Question

In $10 s$, a charge of $25C$ leaves a battery and $200J$ of energy are delivered to an outside circuit as a result.
(a) What is the p.d. across the battery?
(b) What current flows from the battery?

Answer 1

In the given question we have to find the potential difference which is the amount of work done when a charge flows through it. Current is defined as the charge per unit time. So, by putting the values of charge and time we will find the current flowing from the battery.

Formula Used:
$V = \dfrac{W}{q}$
where $V$ is the potential difference, $W$ is the work done and $q$ is the charge flowing.

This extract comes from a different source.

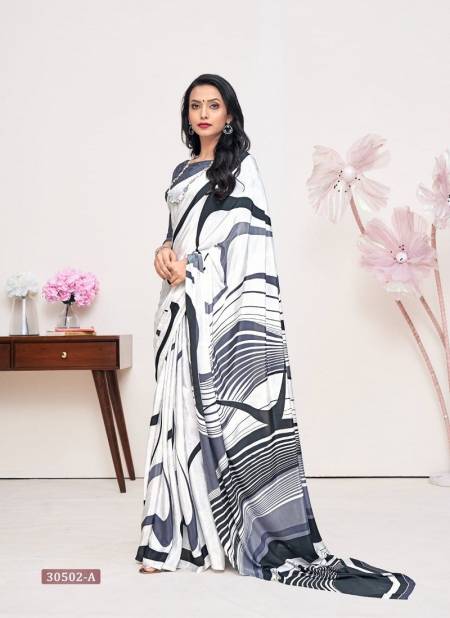 White And Grey Vivanta Silk 31st Edition By Ruchi 30501A To 30506B Saree Manufacturers 30502A Catalog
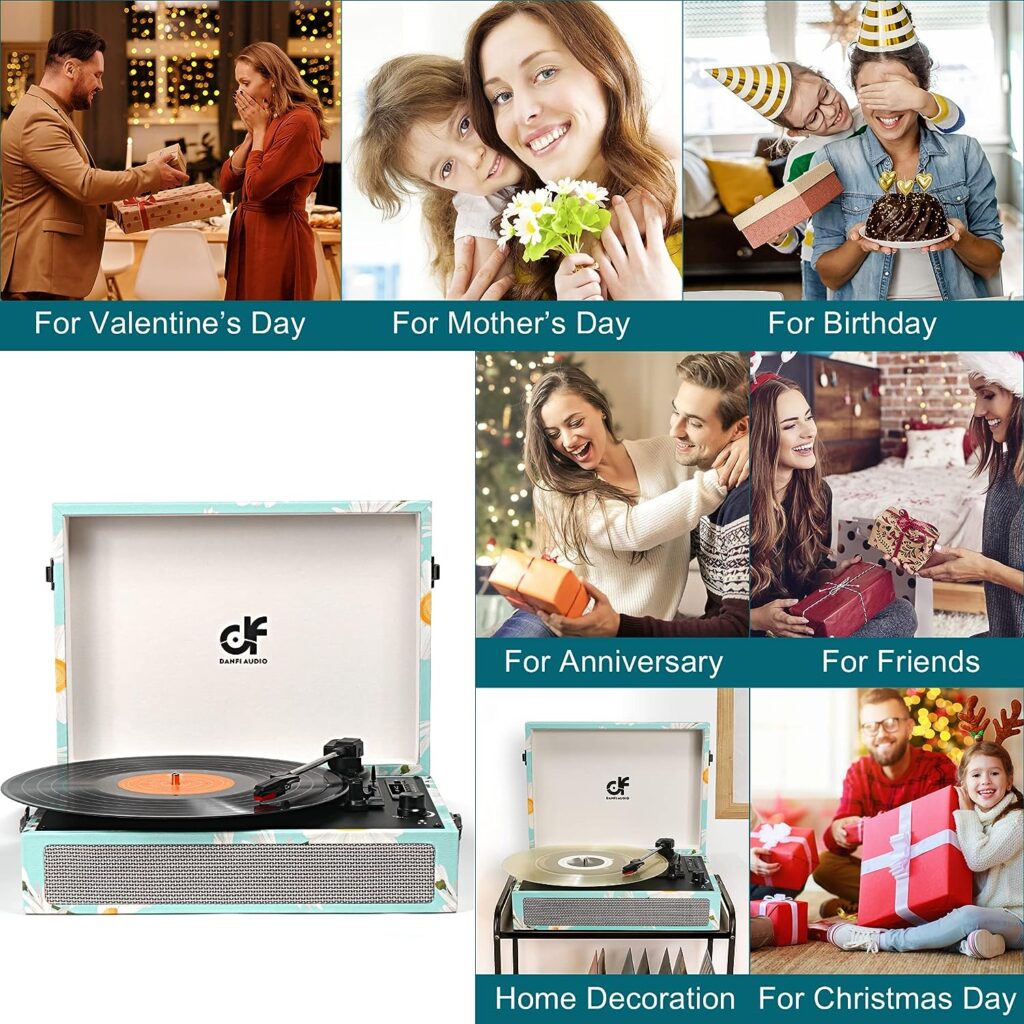 Vinyl Record Player Bluetooth with Built-in Speakers, Vintage Portable Turntable 3 Speed with USB Recording Headphone/RCA/AUX Jack Floral Suitcase Record Player Teal Floral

Potential difference is also defined as the multiplication of current and resistance.
$V = IR$
$\Rightarrow i = \dfrac{q}{t}$
where $q$ is the charge, $i$ is the current flowing and $t$ is time.

Complete step by step answer:
(a) We know that,
$V = \dfrac{W}{q} - - - - \left( a \right)$ where $V$ is the potential difference, $W$ is the work done and $q$ is the charge flowing.
In the given question the values of $W$, $q$ is given,
$W = 200{\text{ }}J$ and $q = 25{\text{ }}C$
Thus by substituting the values in equation $\left( a \right)$ we get,
$\therefore V = \dfrac{{200}}{{25}} = 8\,volt$

So, the p.d. (potential difference) across the battery is $8{\text{ }}volt$.

(b) We know that,
$q = it$ where $q$ is the charge, $i$ is the current flowing and $t$ is time.
By cross-multiplication we get,
$i = \dfrac{q}{t} - - - - \left( b \right)$
Substituting the values of $q = 25{\text{ }}C$ and $t = 10{\text{ }}s$ in equation $\left( b \right)$ we get,
$\therefore i = \dfrac{{25}}{{10}} = 2.5{\text{ }}A$

So, the current that flows from the battery is $2.5{\text{ }}A$.

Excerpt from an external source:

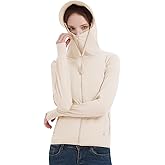 TERODACO Women's UPF 50+ Sun Protection Jacket Lightweight Cooling Long Sleeve Sun Shirt with Hoodie Brim for Outdoor Hiking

Note: We know that potential difference is defined as the amount of work done when unit charge flows through it. The question has emphasized that the energy is given outside the battery which implies that the work is being done by the body. And current is defined as the charge that flows through the conducting medium in unit time.